Proof of Concept: NFS Attributes Editor

  • Article

Proof of Concept: NFS Attributes Editor

We come across a lot of people who have IdMU tools installed even though they don't use the NIS authentication. This, primarily, happens because they have NFS in their environment and with Windows Vista and later, the only way to get identities mapped is by way of Active Directory Lookup. Since, IdMU and NFS both use RFC2307 attributes in Active Directory and only IdMU provides a graphical tool to populate the RFC2307 attributes for users and group objects, they prefer to install IdMU tools just to get that GUI and use it over the scripts or other cumbersome methods.

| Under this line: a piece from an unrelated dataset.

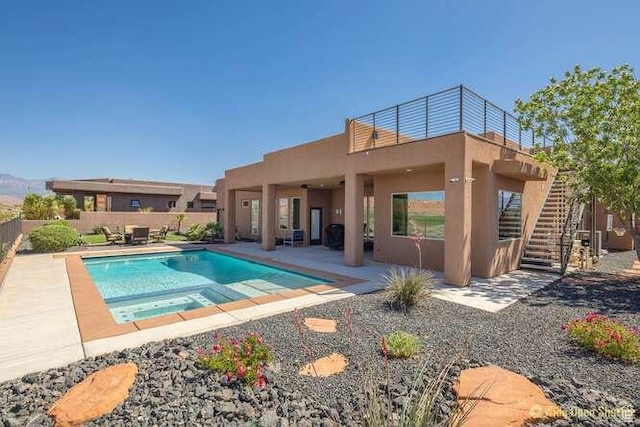 3208 S Sand Stone Dr, Hurricane, UT 84737 - view of swimming pool with a patio, a fenced backyard, stairs, and a pool with connected hot tub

Some environments do not allow installation of components that are not used for security reasons and in those cases, it really becomes a problem.

I have come up with a proof of concept tools to populate the uidNumber and gidNumber attributes for users and groups in Active Directory. I have used AutoScript to write this and used the ADFunctions library by Jonthan Clelland. I had to make some modifications to the library because I plan to extend this tool to become fully interoperable for NIS users and groups as well. That would mean that it should be possible to replace the IdMU UNIX Attributes tab with this tool in the longer run.

For now, it only populates the uidNumber and gidNumber attributes for user objects and gidNumber attributes for group objects. When you run it for the first time, it creates a SETUP.INI file where it stores the Base DN, uidNumber and gidNumber values to be used as a starting point. You can customize these values based on your requirements.

The source code for the NFS Attributes Editor is here - https://blogs.msdn.com/cfs-filesystemfile.ashx/__key/CommunityServer-Blogs-Components-WeblogFiles/00-00-00-81-91-NFSAttrEditor/2474.NFSAttrEditor.txt

The adfunctions library that I used is here - https://blogs.msdn.com/cfs-file.ashx/__key/CommunityServer-Blogs-Components-WeblogFiles/00-00-00-81-91-NFSAttrEditor/8446.adfunctions.txt

You will need to intall AutoIt (www.autoitscript.com) on your system before you can use it. After that you can download the files and change the extension to AU3 and then compile them to be used on any other system without installing AutoIt on them.

NOTE: The only change that I have made to this library is on line 248 to the function _ADModifyAttribute to make it accept an additional argument.